# Using Jupyter

_Parts of this notebook are adapted from the Jupyter documentation_

## Introduction

Jupyter is an interactive computing environment that enables users to author notebook documents that include executable code, markdown text with MathJax, multimedia, and static and interactive charts. These documents provide a complete and self-contained record of a computation that can be converted to various formats and shared with others. Jupyter thus supports a form of [literate programming](https://en.wikipedia.org/wiki/Literate_programming).

Documentation is available at https://jupyter-notebook.readthedocs.io/en/stable/

Jupyter combines three components:

- **The notebook application**: An interactive application for writing and running code interactively and authoring notebook documents. There are multiple different applications available, running on the CLI, natively, or in a browser. We will use JupyterLab which runs in the browser and will soon replace the older Jupyter Notebook application (note: as of April 2018 it is recommended that Windows users stick to Jupyter Notebook as installing Jupyter Lab on Windows has some issues). 
- **Kernels**: Separate processes started by the notebook web application that runs users’ code in a given language and returns output back to the notebook web application.
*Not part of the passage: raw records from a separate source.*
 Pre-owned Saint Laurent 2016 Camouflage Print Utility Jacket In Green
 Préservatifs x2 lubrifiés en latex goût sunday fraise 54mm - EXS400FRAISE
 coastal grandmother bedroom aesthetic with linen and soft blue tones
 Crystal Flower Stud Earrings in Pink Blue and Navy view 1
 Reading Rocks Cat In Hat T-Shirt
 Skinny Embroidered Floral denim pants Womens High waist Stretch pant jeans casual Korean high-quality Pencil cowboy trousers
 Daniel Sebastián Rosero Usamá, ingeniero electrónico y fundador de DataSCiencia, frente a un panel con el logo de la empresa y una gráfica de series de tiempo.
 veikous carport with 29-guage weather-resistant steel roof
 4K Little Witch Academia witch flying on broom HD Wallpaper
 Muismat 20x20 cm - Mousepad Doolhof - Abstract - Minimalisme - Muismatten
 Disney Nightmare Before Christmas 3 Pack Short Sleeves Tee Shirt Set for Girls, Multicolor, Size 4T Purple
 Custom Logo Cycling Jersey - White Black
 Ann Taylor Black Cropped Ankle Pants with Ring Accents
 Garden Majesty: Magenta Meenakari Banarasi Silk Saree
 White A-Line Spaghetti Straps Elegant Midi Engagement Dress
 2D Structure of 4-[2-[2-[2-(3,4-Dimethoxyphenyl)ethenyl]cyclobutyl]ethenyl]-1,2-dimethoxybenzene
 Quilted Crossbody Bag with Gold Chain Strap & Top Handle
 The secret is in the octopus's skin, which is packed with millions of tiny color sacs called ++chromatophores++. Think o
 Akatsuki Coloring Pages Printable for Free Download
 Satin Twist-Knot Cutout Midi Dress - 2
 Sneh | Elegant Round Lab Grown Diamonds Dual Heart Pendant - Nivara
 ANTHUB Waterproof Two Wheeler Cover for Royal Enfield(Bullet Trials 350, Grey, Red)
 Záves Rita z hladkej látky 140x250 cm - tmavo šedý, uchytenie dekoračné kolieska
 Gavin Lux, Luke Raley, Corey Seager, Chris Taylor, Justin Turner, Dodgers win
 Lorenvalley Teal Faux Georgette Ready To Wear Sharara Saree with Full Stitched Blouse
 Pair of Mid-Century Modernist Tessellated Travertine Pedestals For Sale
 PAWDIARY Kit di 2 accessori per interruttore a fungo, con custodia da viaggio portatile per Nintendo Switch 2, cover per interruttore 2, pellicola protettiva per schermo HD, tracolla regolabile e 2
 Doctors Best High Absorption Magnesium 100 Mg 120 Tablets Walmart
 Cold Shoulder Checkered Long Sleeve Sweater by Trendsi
The kernel also handles things like computations for interactive widgets, tab completion and introspection.
- **Notebook documents**: Self-contained documents (JSON text in files with .ipynb extension) that contain a representation of all content visible in the notebook web application, including inputs and outputs of the computations, narrative text, equations, images, and rich media representations of objects. Each notebook document has its own kernel.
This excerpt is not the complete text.